The 4:00 p.m. Holiday POPS! concert offers a 45-minute program suited for families with young children, many of whom will count this experience as their very first symphony concert. Featured in the program will be popular selections such as The Harry Potter Suite, The Polar Express, and How the Grinch Stole Christmas, as well as beloved holiday classics such as Frosty the Snowman and We Wish You a Merry Christmas. A special visitor from the North Pole will also make an appearance, bringing the magic and joy of the holiday season to life for children and adults alike.
The 7:30 p.m. Holiday POPS! concert focuses on holiday favorites that evoke joyous memories. The program for this performance includes familiar and nostalgic holiday songs such as March of the Wooden Soldiers, Miracle on 34th Street, A Charlie Brown Christmas, a selection of Irving Berlin tunes such as Count Your Blessings Instead of Sheep and White Christmas, and other seasonal favorites.
Tickets for the 4 p.m. concert are $8 for children 12 and under, and $20 for adults (young children or infants who will remain on an adult’s lap for the entire concert do not need tickets).
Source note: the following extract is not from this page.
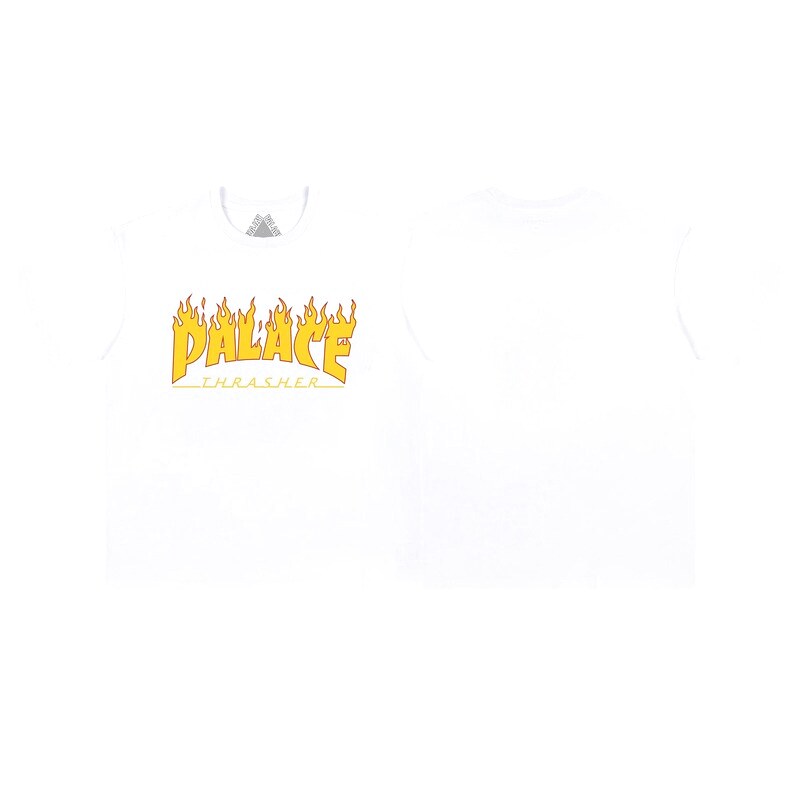 Palace Flame Co-branded Street Style White T-shirt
Tickets for the 7:30 p.m. concert are $15 for students, and $40 for adults. Early ticket purchase for these annual holiday concerts, which often sell out, is encouraged. Based on availability, a limited number of tickets may be offered for purchase at the door.
Lexington Symphony’s 2014–2015 season has been a milestone year. Not only has it been the 20th consecutive year of operation for this successful nonprofit professional orchestra, but it has also marked the 10th anniversary for the organization’s Music Director, Jonathan McPhee.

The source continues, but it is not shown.